Hello,
Trying to have Splunk monitor standard scan-reports from Foundstone (Vulnerability Assessment Scanner), but repeatedly seeing this in the splunkd.log:
11-22-2011 17:13:26.759 -0500 ERROR ArchiveFile - In archive '/data/splunk/splunk-4.2.4/var/spool/splunk/Monthly-Full-2010-102811.csv.zip': Bad ZIP file
This zip file opens fine on the windows system with the built-in zip, and on linux with "unzip."
Thanks,
Sean
Answering my own question.
The problem we found with Foundstone, is that it saves the CSV report in a hierarchical directory structure with windows style backslash characters to note new directories. This is normally ok, but I believe that the Foundstone zipping function inserts the first directory in some strange way where Linux/python interpret it as a regular backslash character and not a directory.
You can see with the linux unzip command the file is not corrupt, but the resulting contents look funny:
sean@ubuntu:/tmp/temp$ unzip -lvt Monthly-Full-2010-102811.csv.zip
Archive: Monthly-Full-2010-102811.csv.zip
testing: 18\CSV/en/authenticated_hosts.csv OK
testing: 18\CSV/en/csvmanifest.xml OK
testing: 18\CSV/en/network_assets.csv OK
testing: 18\CSV/en/vulnerabilities.csv OK
No errors detected in compressed data of Monthly-Full-2010-102811.csv.zip.
I believe that Splunk's monitoring process is doing some input validation and getting stuck on this backslash character.
The way I found to get around this issue, is to write a small wrapper to unzip the file in advance then have Splunk eat the files inside.
I found no output options in the Foundstone management UI that could control this behavior.
Best,
Sean
With Foundstone or some other application?
Answering my own question.
The problem we found with Foundstone, is that it saves the CSV report in a hierarchical directory structure with windows style backslash characters to note new directories.

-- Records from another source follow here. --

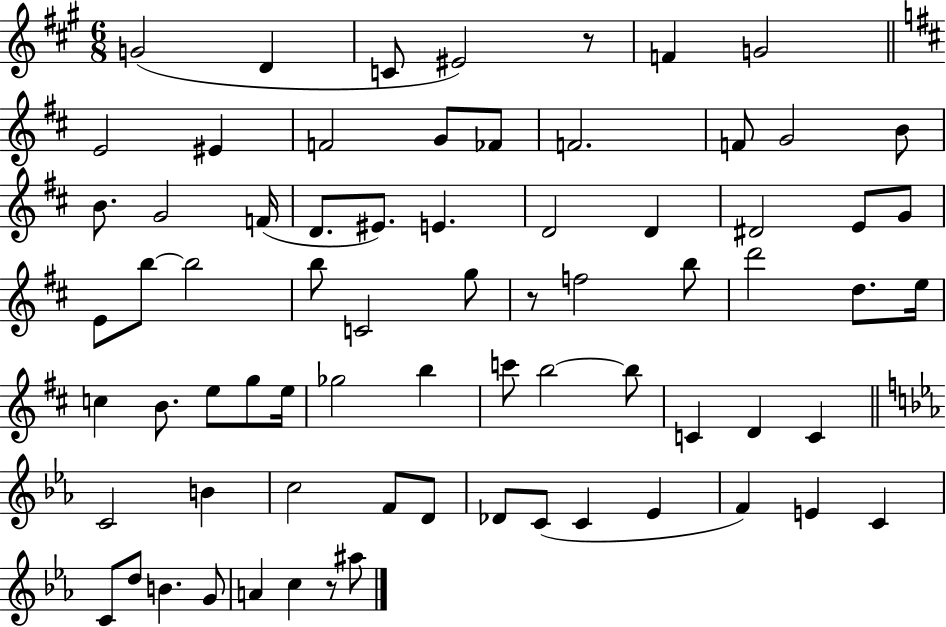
{
  \clef treble
  \numericTimeSignature
  \time 6/8
  \key a \major
  g'2( d'4 | c'8 eis'2) r8 | f'4 g'2 | \bar "||" \break \key d \major e'2 eis'4 | f'2 g'8 fes'8 | f'2. | f'8 g'2 b'8 | \break b'8. g'2 f'16( | d'8. eis'8.) e'4. | d'2 d'4 | dis'2 e'8 g'8 | \break e'8 b''8~~ b''2 | b''8 c'2 g''8 | r8 f''2 b''8 | d'''2 d''8. e''16 | \break c''4 b'8. e''8 g''8 e''16 | ges''2 b''4 | c'''8 b''2~~ b''8 | c'4 d'4 c'4 | \break \bar "||" \break \key ees \major c'2 b'4 | c''2 f'8 d'8 | des'8 c'8( c'4 ees'4 | f'4) e'4 c'4 | \break c'8 d''8 b'4. g'8 | a'4 c''4 r8 ais''8 | \bar "|."
}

This is normally ok, but I believe that the Foundstone zipping function inserts the first directory in some strange way where Linux/python interpret it as a regular backslash character and not a directory.
You can see with the linux unzip command the file is not corrupt, but the resulting contents look funny:
sean@ubuntu:/tmp/temp$ unzip -lvt Monthly-Full-2010-102811.csv.zip
Archive: Monthly-Full-2010-102811.csv.zip
testing: 18\CSV/en/authenticated_hosts.csv OK
testing: 18\CSV/en/csvmanifest.xml OK
testing: 18\CSV/en/network_assets.csv OK
testing: 18\CSV/en/vulnerabilities.csv OK
No errors detected in compressed data of Monthly-Full-2010-102811.csv.zip.
I believe that Splunk's monitoring process is doing some input validation and getting stuck on this backslash character.
The way I found to get around this issue, is to write a small wrapper to unzip the file in advance then have Splunk eat the files inside.
I found no output options in the Foundstone management UI that could control this behavior.
Best,
Sean
Great this is exactly what I needed. If it's not too much trouble can you post the unzip code you used. Thanks ever so much. I am using Founstone too and want to get the scan data directly without the operator having to uncompress the reports.
I am haveing the same issue. Did you ever find a salution?